But today, it is worth taking a quick look at Jesus’ attitude to the Old Testament scriptures. These were what he lived and breathed, what he grew up learning and reciting, and what he frequently quoted, or read from when in the synagogues. And as we heard in our gospel reading, he had come not to abolish the Law or the Prophets (ie, the Scriptures), but to fulfil them.
What did that mean? Well for one thing, it meant that these Scriptures, inspired by God, treasured and passed down through the centuries, first orally, and then in writing, should be treasured. That they contained wisdom and truth that could guide daily life, that could inspire worship and praise, that could prompt penitence and change. As Psalm 119 puts it: “Your word is a lamp unto my feet, a lamp on my path… my heart is set on keeping your decrees to the very end.” Jesus valued these Scriptures, he handled them with respect, and his urging to his followers was “we should do so too”. We should try and read the Old Testament and when we struggle with it, when it jars with us, when it leaves us uncomfortable or non-plussed, rather than giving up on it, we should try and wrestle with it, asking what is of God in this, where can we find the deeper truths that point us to God. What did previous generations read and find so important?
And the second aspect of Jesus’ attitude to the Scriptures is this. He didn’t just value the Scriptures. He came to fulfil them. In other words, they take on a far deeper, more profound meaning when understood in the light of his life, death and resurrection.

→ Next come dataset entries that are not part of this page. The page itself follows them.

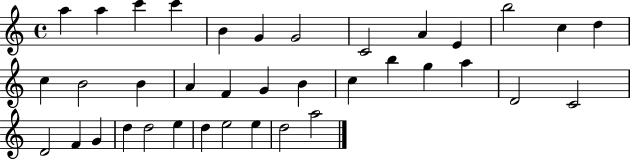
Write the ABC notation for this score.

X:1
T:Untitled
M:4/4
L:1/4
K:C
a a c' c' B G G2 C2 A E b2 c d c B2 B A F G B c b g a D2 C2 D2 F G d d2 e d e2 e d2 a2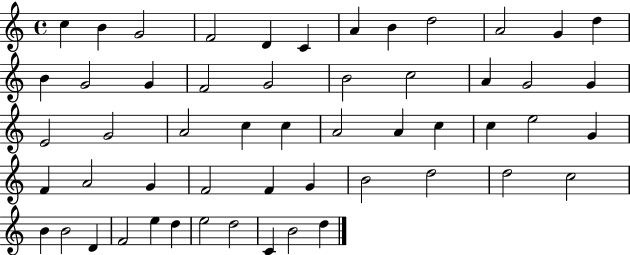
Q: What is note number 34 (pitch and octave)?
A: F4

I remember as a 13 year old stepping outside the opticians, wearing glasses for the first time. Everything was just the same as it had been before I stepped into the opticians – the shops were still in the same places, the street signs and bill boards still had the same writing on them – but at the same time, when I left the opticians wearing those glasses, everything had changed. I saw things with a sharpness and clarity that previously I didn’t know existed; I read words that had just seemed a blur of lines before.
When we read the Old Testament scriptures we may experience the same. Everything feels a bit blurred, a bit difficult to interpret. But when we look through the lens of Christ, we may find that things become clearer, that Christ brings clarity to who God is and how he acts in his world.
So as we begin this series, can I encourage you to allow the Scriptures that shaped the early Christians to shape us, and to allow Christ to open our eyes to the meaning that his presence brings to his word and our world. Amen.